I thought I understood my son’s love for Washington State University, after all, I have always done my best to imagine myself in another person’s shoes. I had empathy, an understanding of another’s plight. But even the most empathetic person on the planet cannot walk in the shoes of a true Coug.
Through Mom’s weekends, WSU graduation and a recent trip to Pullman, I have watched my son’s immersion in the Coug culture. From embracing the crimson and gray (everyone wears the gear over there 24/7), hanging out at The Coug or Valhalla, or just saying “Go Cougs” to anyone with the WSU logo displayed anywhere on their person, there is a camaraderie among this group like nothing I’ve ever seen. I think it hit me
I went to the University of Washington and although I only spent two years there, I have many wonderful (and not so wonderful) memories of my time on the UW campus. The contrast between my beginnings there in a sorority and my final days participating in campus protests against the Vietnam war, is a clear indication of my evolution in my two and a half years at UW. I learned a lot about life there, but I never felt the bond to the school that I see in my son’s devotion to WSU. So, I ask myself today, do I have to be a Husky just because I spent some time there over 40 years ago? This is a question I have been pondering for the last couple years.

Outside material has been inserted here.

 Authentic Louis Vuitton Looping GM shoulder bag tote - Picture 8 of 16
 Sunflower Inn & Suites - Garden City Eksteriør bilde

And now as we count the hours to this year’s Apple Cup, I must decide where to place my loyalty. I can never truly be a Coug because I didn’t attend classes in beautiful Palouse country. But, sadly, I don’t feel much passion for a school I attended so long ago—Sonny Sixkiller is no longer there, right? I feel a hell of a lot more love for the loyal, passionate Cougars.
So, although I will take a lot of heat from my UW friends, I am here to announce: I am defecting. Although I can never know or understand what a Coug feels, I want to feel as much of that passion as an outsider can reasonably hope for. Sadly, I will never know the depths of WSU loyalty in my son’s heart, but at least I know that I don’t know.
In other words, I finally get it: I don’t get it.
Go Cougs!
Jacquie,
This essay truly shows that you understand what it means to be a Coug. It does take some time to observe, participate, empathize and accept that choosing to head east to the Palouse and WSU is a choice that will change a person for the rest of their life. I am proud to be a Coug and proud that Brett made a choice that he loves. I am also glad that I played a small role in your Cougar indoctrination when you rode with me to Mother’s weekend so many years ago. Welcome to the Cougar family,I know you won’t regret your decision.
Thank you, Laurel. I loved that trip to Mom’s weekend. In spite of my broken ankle and a snowy day in April, that started my journey to the Cougar family. Hope you had a nice Thanksgiving!